On a cool, windless night, after the light had been running for many hours and had presumably reached a stable equilibrium temperature, the exterior of the soda lime glass measured ~11°F hotter than the surrounding environment:
In my area, the hottest day of the year is typically July 19. The lights only run from sunset to sunrise, with the hottest part of that interval occurring right at sunset. The 90th-percentile temperature band in the chart on that site appears to read ~83°F.
Assuming a similarly windless but 83°F evening, after reaching a stable equilibrium temperature, would it be safe to expect the same point on the fixture to measure 83+11 = 94°F?

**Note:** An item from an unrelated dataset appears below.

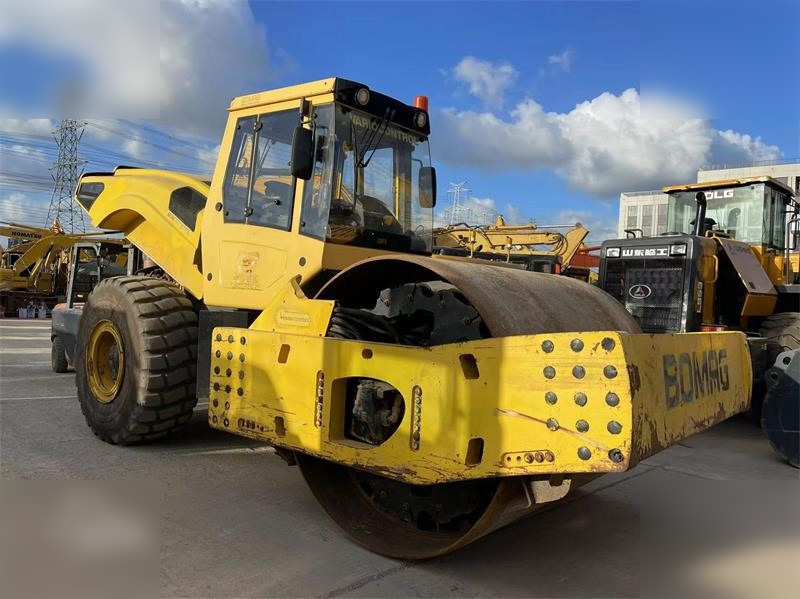 BOMAG BW226DH-4 - Compacteur à pieds de mouton/ Monocylindre: photos 2 BOMAG BW226DH-4 - Compacteur à pieds de mouton/ Monocylindre: photos 2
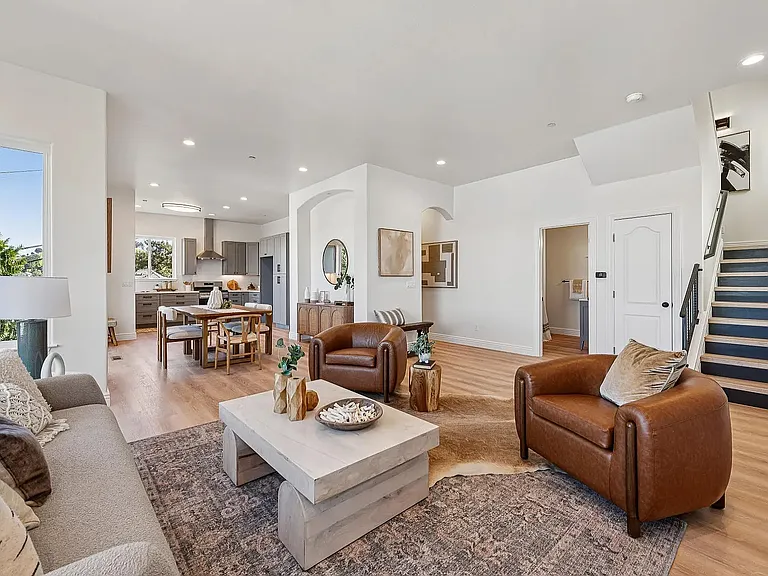 314 Golden Gate Ave — Photo 12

I am interested in the max temperature experienced by the interior of the fixture. (I'm hoping to take interior measurements eventually, but haven't gotten there yet.) The faceplates of the fixtures are only briefly in direct sunlight during the coolest part of the day in the early morning, while the lights are not running. Perhaps I shouldn't rule out that period of direct solar radiation as reaching a higher temperature than while running at night?
I'm not trained in heat, but all the formulas I've seen show $\Delta T$ and don't seem to depend on an absolute temperature anywhere. That said, I did notice while reading that some of the "constants" like the specific heat capacity are temperature-dependent functions, although Wikipedia has disclaimers like:
However, the dependency of $c$ on starting temperature and pressure can often be ignored in practical contexts, e.g. when working in narrow ranges of those variables.
After looking up the tables for $\kappa$, $c_p$, etc. for the materials involved, they don't seem to vary much more than one percent or so in this 60-100°F range of interest, so it seemed safe to rule that facet of the problem out. (To compensate, maybe I should expect +12°F over ambient instead of +11?)
So, ignoring that aspect, is the rest of this a safe way to conduct a "how hot could it get" analysis? Does it sound like I've missed anything important?
(At this point it's mostly academic curiosity, although I do expect to install a custom parabolic'ish reflector inside the fixture, made from an intentionally high-temperature epoxy resin. I'm pretty sure I've got a safety margin on the order of 100°C but I got caught up in the question itself along the way.)